- **DATA PROVIDED**:

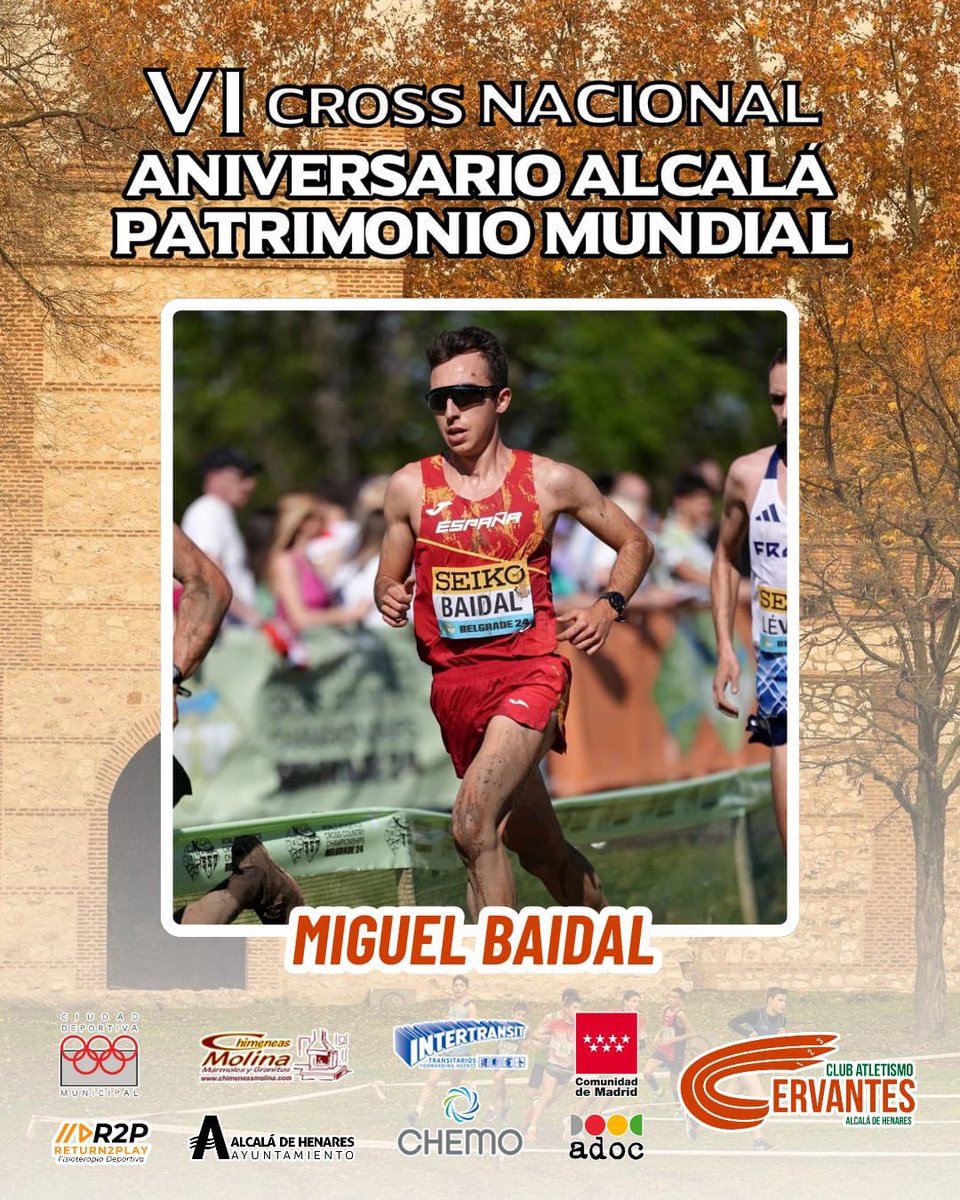 Miguel Baidal correrá en <a href="/AlcalaCross/">©️ross Nacional 🅰️lcalá de Henares</a> 
Especialista en fondo y campo a través. Actual campeón 🇪🇸 10k en ruta, 🥉10000ml Cto. 🇪🇺 Atletismo Sub-23 2023, 4º Mundial Cross Belgrado 2024.
<a href="/AytoAlcalaH/">Ayuntamiento de Alcalá de Henares</a> <a href="/Alcala_Deporte/">Alcalá es Deporte</a> <a href="/asociacionADOC/">ADOC</a> <a href="/atletismoRFEA/">atletismoRFEA</a> #cross #deporte #VIcrossnacional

- **WORK INSTRUCTIONS**:
An exact copy is needed of only the lines from the top of the material through the line with "Especialista en fondo"; no pictures belong in it.

- **TASK OUTPUT**:
 Miguel Baidal correrá en <a href="/AlcalaCross/">©️ross Nacional 🅰️lcalá de Henares</a> 
Especialista en fondo y campo a través. Actual campeón 🇪🇸 10k en ruta, 🥉10000ml Cto. 🇪🇺 Atletismo Sub-23 2023, 4º Mundial Cross Belgrado 2024.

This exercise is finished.